Vorweg, ja ich studiere hier noch und bin nicht nur am Reisen. So habe ich mal wieder kleinere Tests für 10 Notenpunkte geschrieben und mit der Recherche für die Projektarbeit über Kraftsensoren begonnen. In einem Test, der in dem ich das 400 Seiten Skript gelesen habe, war ich überraschender Weise mit 8 von 10 Punkten Klassenbester. Das 400 Seiten Skript hatte daran aber meiner Meinung nicht so viel Anteil, eher ein glückliches Händchen im Ankreuzen. In weiteren zwei Wochen sind dann auch schon die „Mid Semester“ Examen. Überraschenderweise hat mit etwas Verspätung nun auch endlich unser Englischkurs begonnen. Der Kurs baut auf einer kanadischen Lernsoftware, die bisher zahlreiche Tiergeschichten behandelt, an deren Ende meist alle tot sind. Die Qualität, soweit man die nach drei Unterrichtsstunden bewerten kann, ist aber okay. Schade finde ich allerdings, dass hier amerikanisches und nicht britisches Englisch unterrichtet wird.

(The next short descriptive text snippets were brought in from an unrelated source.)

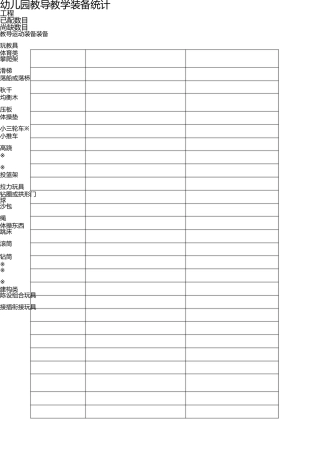 幼儿园教育设施设备统计表 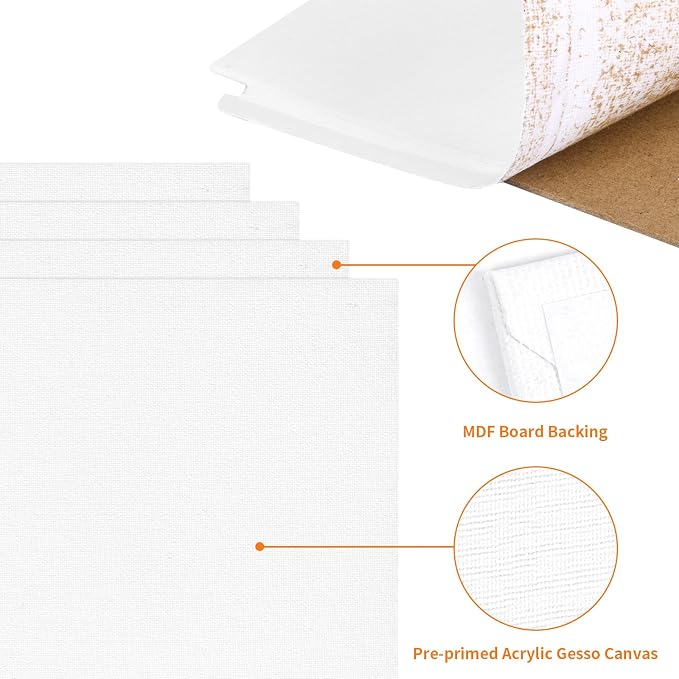 FIXWAL Canvas Boards for Painting 10 Pack, - Image 4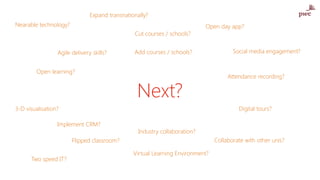 Next?
Nearable technology?
Open learning?
3-D visualisation?
Flipped classroom?
Expand transnationally?
Industry collaboration?
Cut courses / schools?
Add courses / schools?
Collaborate with other unis?
Virtual Learning Environment?
Implement CRM?
Agile delivery skills?
Two speed IT?
Attendance recording?
Social media engagement?
Digital tours?
Open day app?
 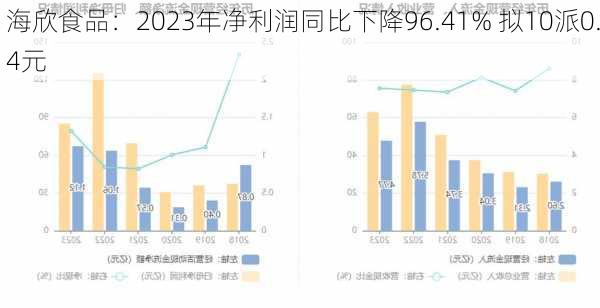 海欣食品：2023年净利润同比下降96.41% 拟10派0.4元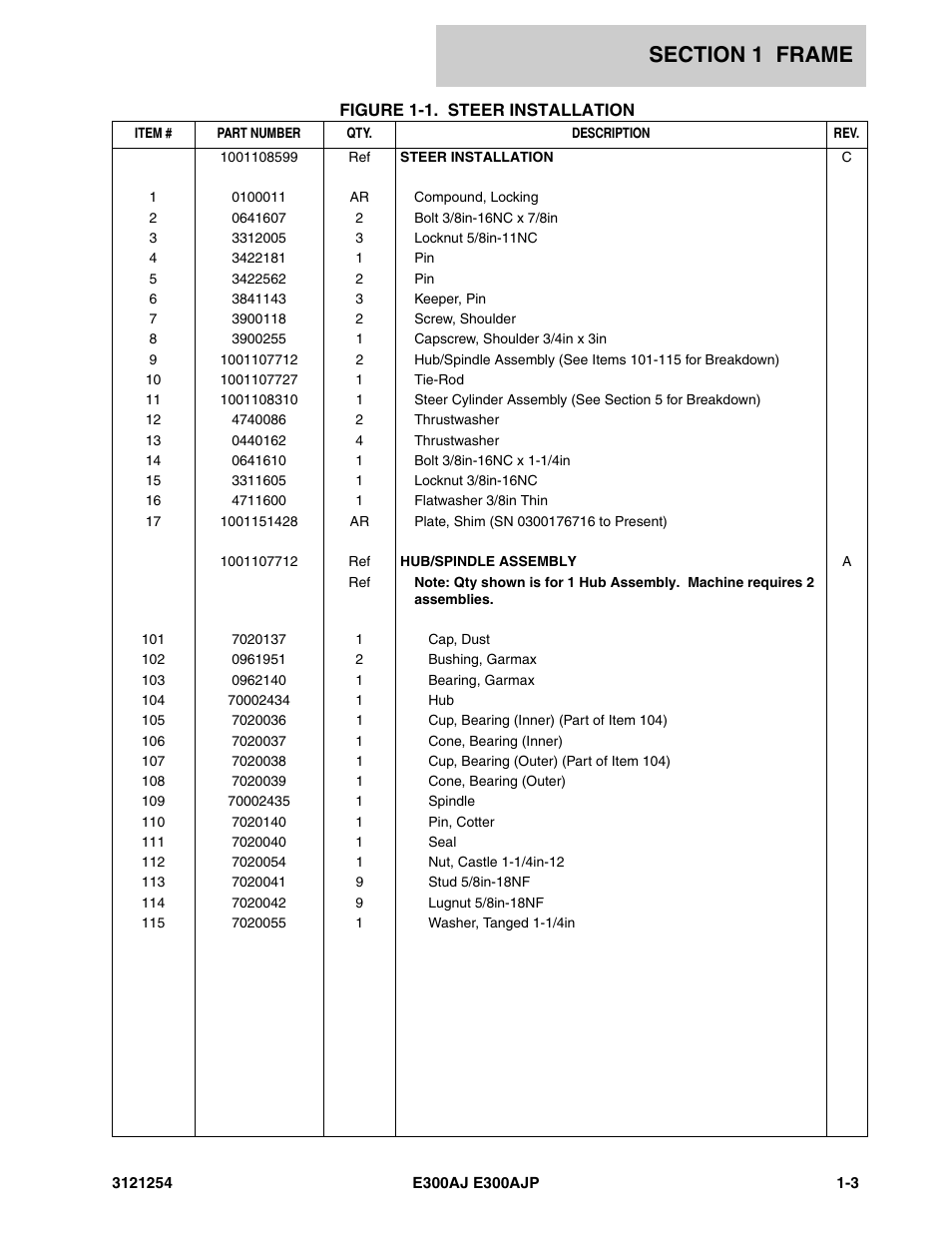JLG E300 Parts Manual User Manual | Page 9 / 162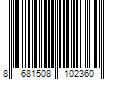 Barcode Image for UPC code 8681508102360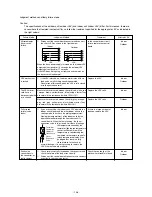 Preview for 107 page of Mitsubishi CITY MULTI PFD-P250VM-A Service Handbook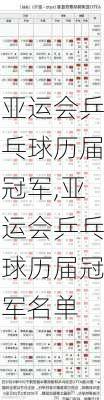 亚运会乒乓球历届冠军,亚运会乒乓球历届冠军名单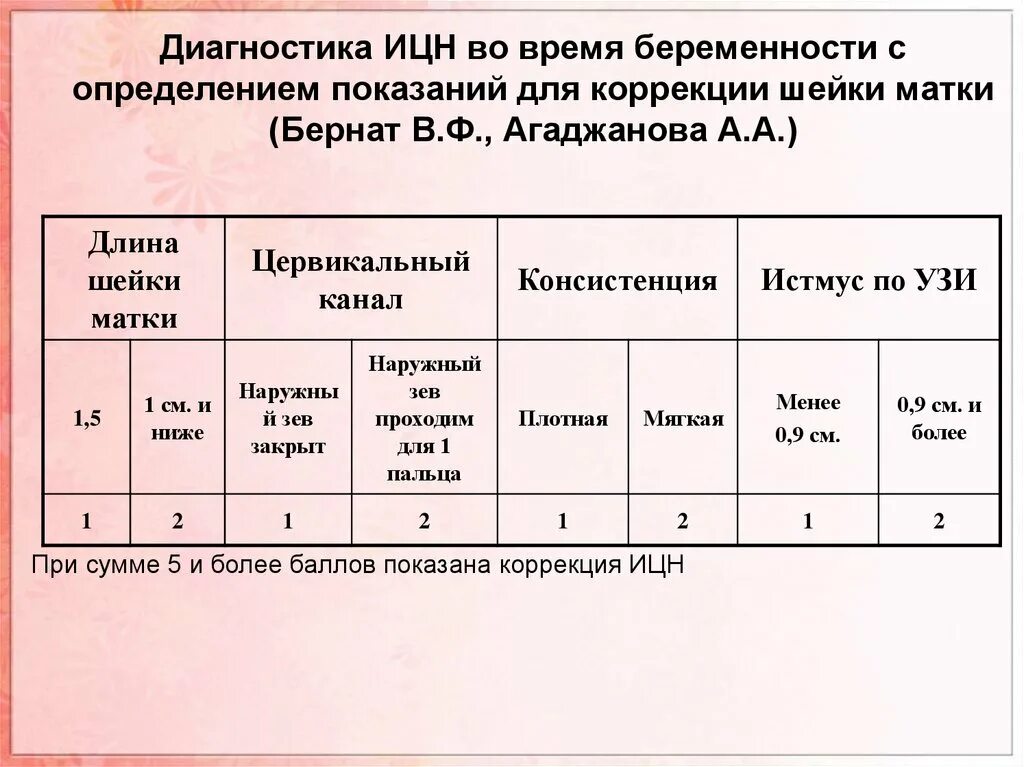 Ицн при беременности. ИЦН классификация. Диагностические критерии ИЦН. Истмико-цервикальная недостаточность (ИЦН).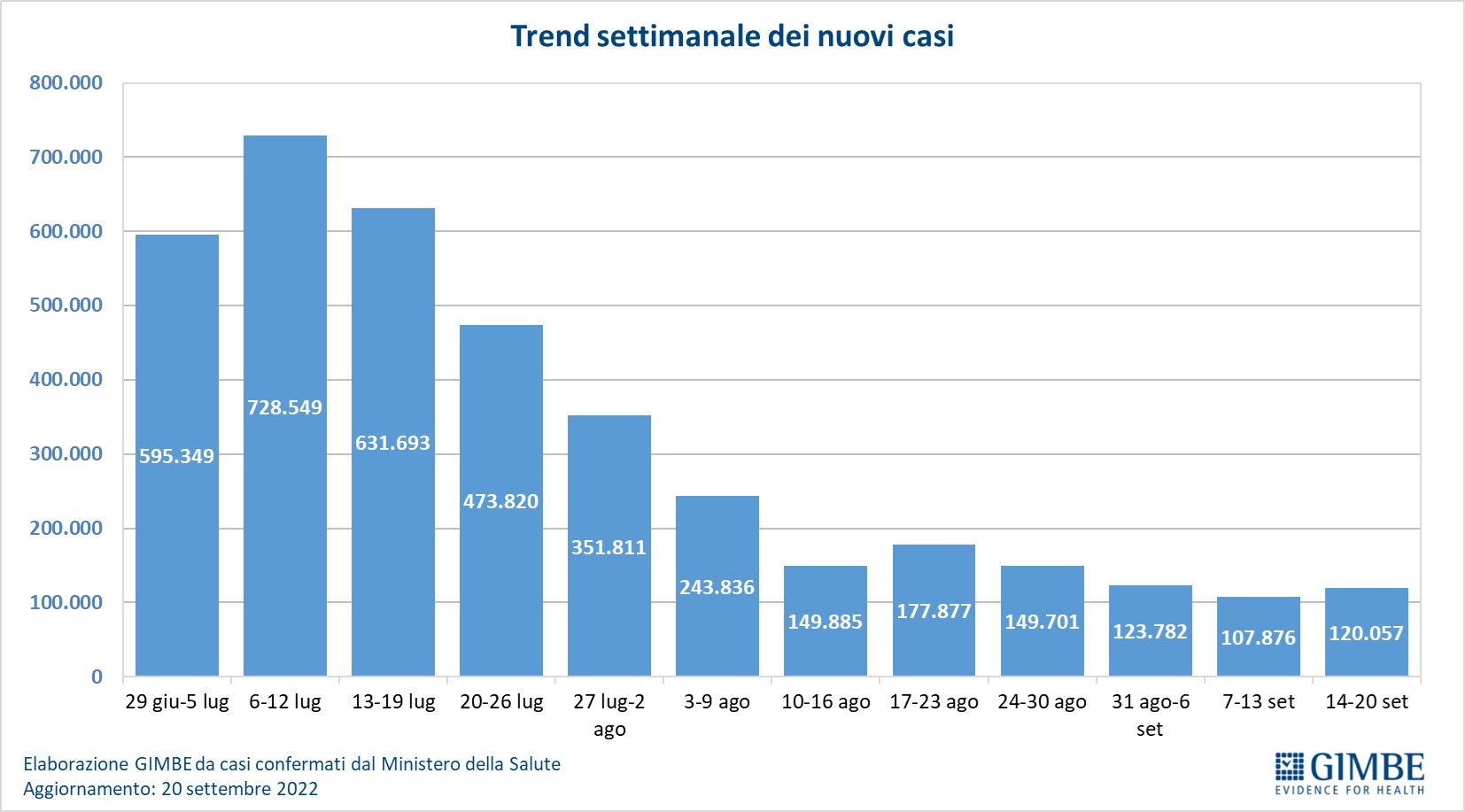 Covid, si inverte la curva dei contagi: +11,3% di casi negli ultimi 7 giorni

Nun zum Reisen in der einen Woche, wo mehr Feiertage als Vorlesungen waren. Zunächst galt es ja meinen Besuch aus Deutschland in Mumbai abzuholen. Dazu bin ich mit dem Zug von Pune nach Mumbai aufgebrochen. Die Zugfahrt war für sich mal wieder ein kleines Erlebnis. Die dritte Klasse mit Klimaanlage („3 AC“) ist vom Komfort absolut akzeptabel und vor allem die zahlreichen Reisebekanntschaften ließen die fast vier Stunden Fahrt für 150 km schnell vergehen. Randbemerkung: In den Zugtoiletten kann man die Gleise sehen und die Türen können während der Fahrt geöffnet währen, was einen wunderbaren Blick auf die Berge und zahlreichen Wasserfälle zur Monsunzeit zulässt. 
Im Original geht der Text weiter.